Kuantum Bilişim Yapay Zekayı Geliştirebilir Mi?
Yapay zeka, birçok farklı endüstrinin birçok farklı yönüne aracı olmuş bir teknolojidir. BT ve teknoloji endüstrisinde, tıp ve sağlık endüstrisinde, eğitimde, üretimde ve veri merkezi operasyonlarında kullanılmaktadır. Yapay zeka, insan zihninin yaptığı gibi problem çözmek ve kararlar almak için bilgisayarlardan ve makinelerden yararlanır. Yapay zeka ayrıca, gelecekte daha iyi kararlar almak için bilgiyi öğrenerek ve kullanarak makinelerin akıllı insan davranışlarını taklit etmesine yardımcı olan makine öğrenimini de kapsar.

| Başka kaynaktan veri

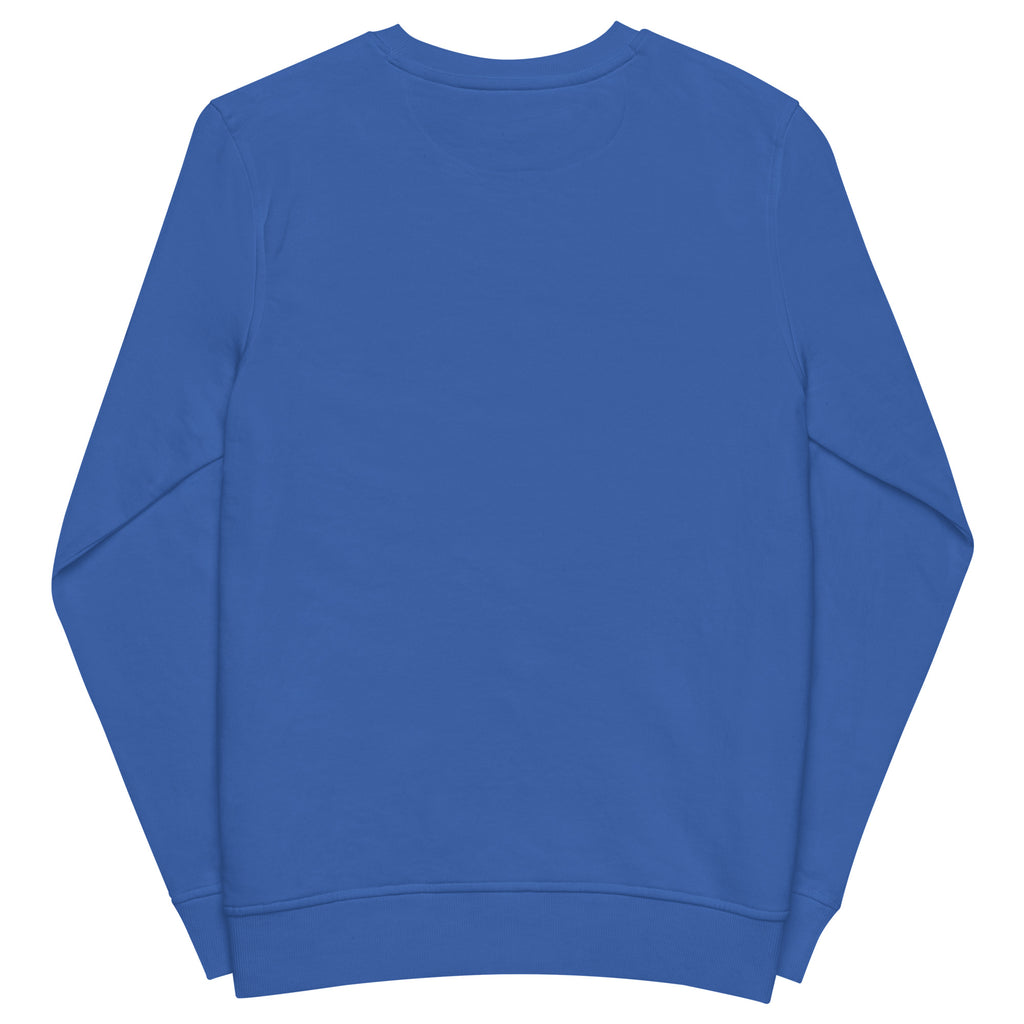 Bevakasha Unisex Organic Sweatshirt SOL'S 03574 Comet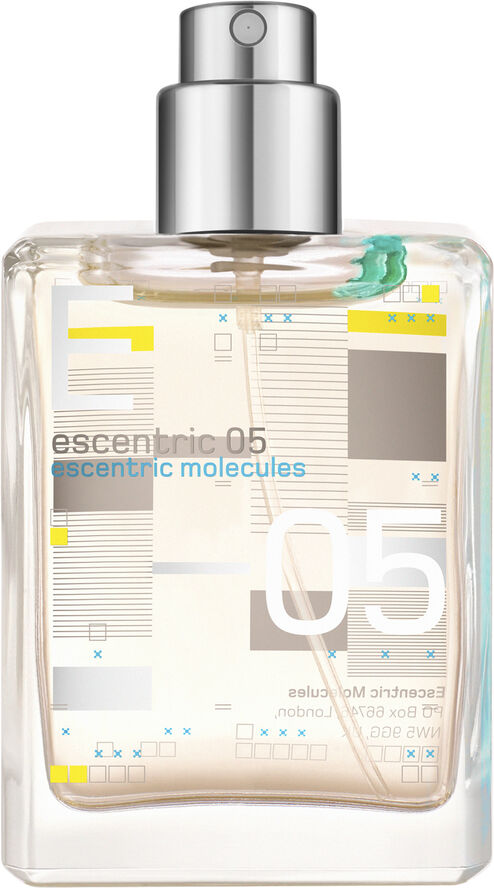 Escentric Molecules Escentric 05 EDT Refill 30 ML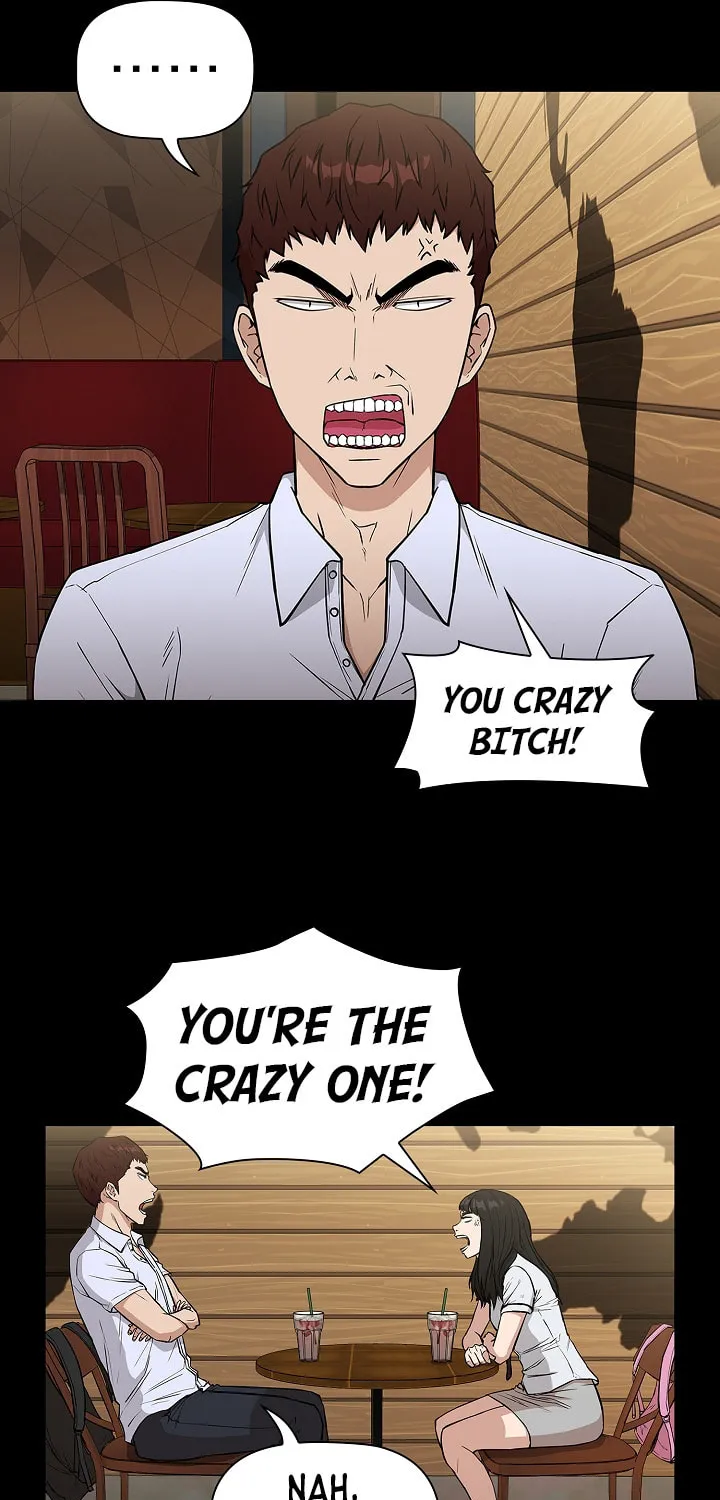 Read Malcolm, The Superstar Detective chapter 2 image 52 on Lezhin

Yapay zeka ve kuantum hesaplama, hem sonsuz potansiyele hem de olanaklara sahip dönüşümsel teknolojilerdir. Aslında şu anda yapay zekanın potansiyeline ulaşmaya bile yaklaşamadık çünkü ihtiyaç duyulan teknolojik gelişmelerden hala yoksunuz. Araştırmacıların elde etmeyi umduğu yapay zeka potansiyeline bir gün ulaşacaksak, kuantum hesaplamadaki ilerlemeler ve yeniliklerin büyük olasılıkla önce gerçekleşmesi gerekecek. Kuantum bilgisayarlar, AI’nın olabileceğini düşündüğümüz hale gelmesine izin verecek hesaplama gücünde gerekli desteği sağlayabilecek.
Özetle diyebiliriz ki, kuantum bilgisayarın geleceği çok parlaktır ve kesinlikle pazarı kitlesel olarak büyütecektir. Quantum bilgisayarların pazarı trilyon dolara ulaşabilir ancak bunun için Universal Quantum’un piyasaya çıkması beklenmektedir.